Fourteen thousand university student research assistants do not have the same right to collective bargaining as other student employees, including teaching assistants, readers and tutors.
California State Sen. Nancy Skinner, D-Berkeley, a campus alumna, is trying to change this discrepancy with Senate Bill 201, a bill Skinner authored that would expand the definition of employee under the Higher Education Employer-Employee Relations Act to include research assistants, thereby giving research assistants the right to unionize.
If SB 201, which passed in the California State Senate on Tuesday, becomes law, collective bargaining rights could open the door to new resources for research assistants.
“While UC teaching assistants and other graduate student employees have had labor protections for years, research assistants (RAs) have been left in the cold,” Skinner stated in a emailed press release from her office.
According to UAW Local 2865 member Erik Green, the right to unionize could allow research assistants to bargain for better worker protections in workplace safety and childcare issues.
Green said he also believes these protections could be relevant to sexual assault cases involving research assistants.
In March, former campus research assistant Joanna Ong filed a lawsuit against campus professor emeritus John Searle, alleging Searle sexually assaulted her and continued to harass her while she was his employee.
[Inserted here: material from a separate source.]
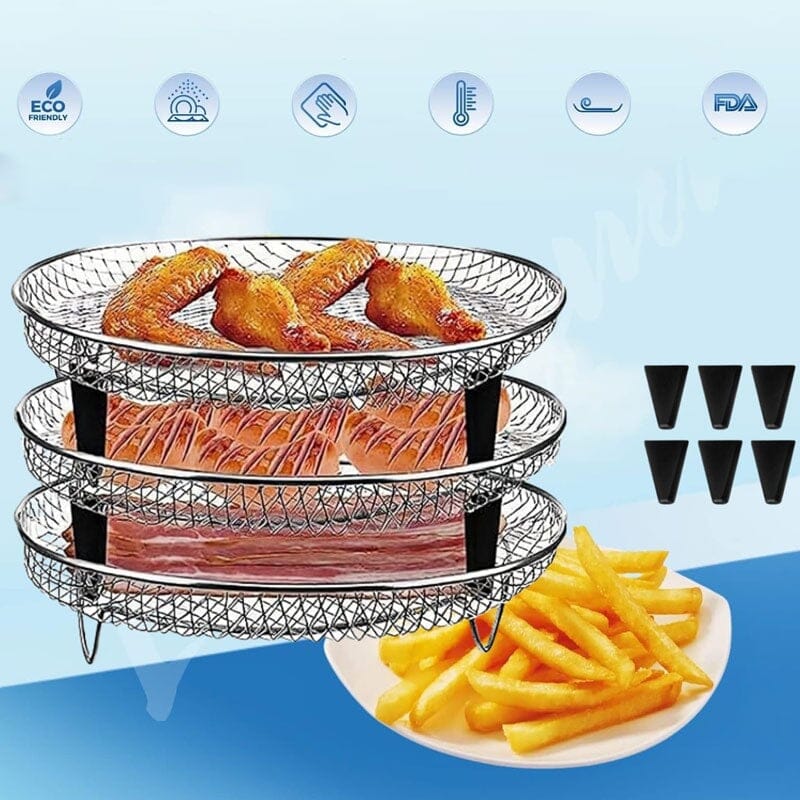 Compact 3-Tier Air Fryer Storage Rack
Additionally, for graduate students moving between teaching assistant and research assistant positions, SB 201 would provide more “consistency and continuity in terms of wage benefits and working conditions,” according to UAW labor advocate Mary Ann Massenburg.
SB 201 comes in the wake of a 2016 decision by the National Labor Relations Board, which ruled that research assistants and teaching assistants at private universities nationwide have the right to collective bargaining.
In addition, student research assistants at California State University campuses have had the right to collectively bargain for a decade, according to the press release. Massenburg said these precedents made the bill’s passage more likely.
Ralph Washington Jr., president of the University of California Student Association, said SB 201 would “create a more level playing field” and “compensate for differences in positional power that can prevent student research assistants from getting what they deserve for their labor.”
California Labor Federation legislative advocate Michael Young wrote research assistants “do much of the cutting-edge research that … makes UC a world-renowned research university” in a letter of support for SB 201 addressed to California State Senate President pro Tempore Kevin de León. Young added in the letter that SB 201 gives research assistants the same collective bargaining rights that other university student employees already have.
University of California Office of the President spokesperson Stephanie Beechem stated in an email that although the university has not yet taken a position on SB 201, university representatives are “closely reviewing the bill and are engaged in ongoing discussion with Senator Skinner.”
Despite previous university opposition to the bill, Green said he doesn’t think unions have to be seen as antagonistic toward the university.
“(Unions) can be for the benefit of everybody,” Green said.